Liquidity and Capital Resources

Liquidity Outlook.  Our primary source of funding is the net cash flow from the sale of our oil and natural gas production.  The profitability and cash flow generated by our operations in any particular accounting period will be directly related to: (a) the volume of oil and gas produced and sold, (b) the average realized prices for oil and gas sold, and (c) lifting costs.  At the current price of oil, we believe the cash generated from operations, along with existing cash balances and available line of credit, should enable us to meet our existing and normal recurring obligations during the next year and beyond.

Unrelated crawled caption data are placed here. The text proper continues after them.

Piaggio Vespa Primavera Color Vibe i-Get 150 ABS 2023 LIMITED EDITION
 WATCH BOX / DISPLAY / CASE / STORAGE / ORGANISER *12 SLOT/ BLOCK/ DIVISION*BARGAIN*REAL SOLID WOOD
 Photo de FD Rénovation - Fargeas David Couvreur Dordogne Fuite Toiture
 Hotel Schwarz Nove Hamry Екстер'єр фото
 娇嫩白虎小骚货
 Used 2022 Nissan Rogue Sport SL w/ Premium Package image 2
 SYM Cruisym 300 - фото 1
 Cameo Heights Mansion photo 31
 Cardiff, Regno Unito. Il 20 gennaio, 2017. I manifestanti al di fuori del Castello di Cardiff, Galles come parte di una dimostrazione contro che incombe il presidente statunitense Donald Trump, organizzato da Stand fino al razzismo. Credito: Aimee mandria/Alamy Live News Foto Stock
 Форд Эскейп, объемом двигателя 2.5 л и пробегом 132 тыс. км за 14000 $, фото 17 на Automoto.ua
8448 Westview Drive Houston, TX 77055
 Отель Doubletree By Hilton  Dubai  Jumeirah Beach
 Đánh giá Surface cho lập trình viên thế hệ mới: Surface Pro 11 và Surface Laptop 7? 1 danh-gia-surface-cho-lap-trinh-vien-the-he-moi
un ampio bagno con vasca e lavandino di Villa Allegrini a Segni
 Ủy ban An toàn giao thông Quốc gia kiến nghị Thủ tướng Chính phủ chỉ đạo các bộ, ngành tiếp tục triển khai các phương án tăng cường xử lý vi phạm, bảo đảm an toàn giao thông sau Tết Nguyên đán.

On December 21, 2012, we entered into a $25 million senior secured revolving bank Credit Facility with the Bank of Oklahoma which is intended to provide an additional source of funds to pay our share of drilling and completion costs incurred on wells drilled and completed in the Williston Basin. The initial borrowing base on the Credit Facility is $6 million and, as of June 30, 2013, we had an outstanding balance of $5 million. Among other provisions, the Credit Facility contains certain affirmative and negative covenants, including restrictions on indebtedness and dividends, and requirements with respect to working capital and interest coverage ratios. As of June 30, 2013, we were not in compliance with the current ratio covenant as defined by the Credit Facility. In July 2013, a semiannual redetermination of the borrowing base was completed by the lender, subject to the satisfaction of increased collateral requirements being provided to the lender. The Company is in the process of providing the required documentation. The redetermination will result in an increase in the borrowing base from $6 million to $12 million. The increase in the borrowing base will result in the covenant violation being mitigated. The lender has not presented a notice of default related to this covenant violation to the Company. As of June 30, 2013 we were in compliance with all other covenants contained in the Credit Facility. Our ability to remain in compliance with the financial covenants may be affected by events and other factors beyond our control, including market prices for our oil and gas and the rate at which the operators of projects in which we participate drill. Any future inability to comply with these covenants, unless waived by the Bank, could adversely affect our liquidity by rendering us unable to borrow further under the Credit Facility. For further information concerning the Credit Facility and its terms, see our Form 8-K filed with the SEC on January 3, 2013.
 
 
13

 
 
Overview of our Capital Structure.  We recognize the importance of developing our capital resource base in order to pursue our objectives.  However, subsequent to our last public offering in 1980, debt financing has been the sole source of external funding.  In addition to our routine production-related costs, general and administrative expenses and, when necessary, debt repayment requirements, we require capital to fund our exploratory and development drilling efforts and the acquisition of additional properties as well as the enhancement of existing and newly acquired properties.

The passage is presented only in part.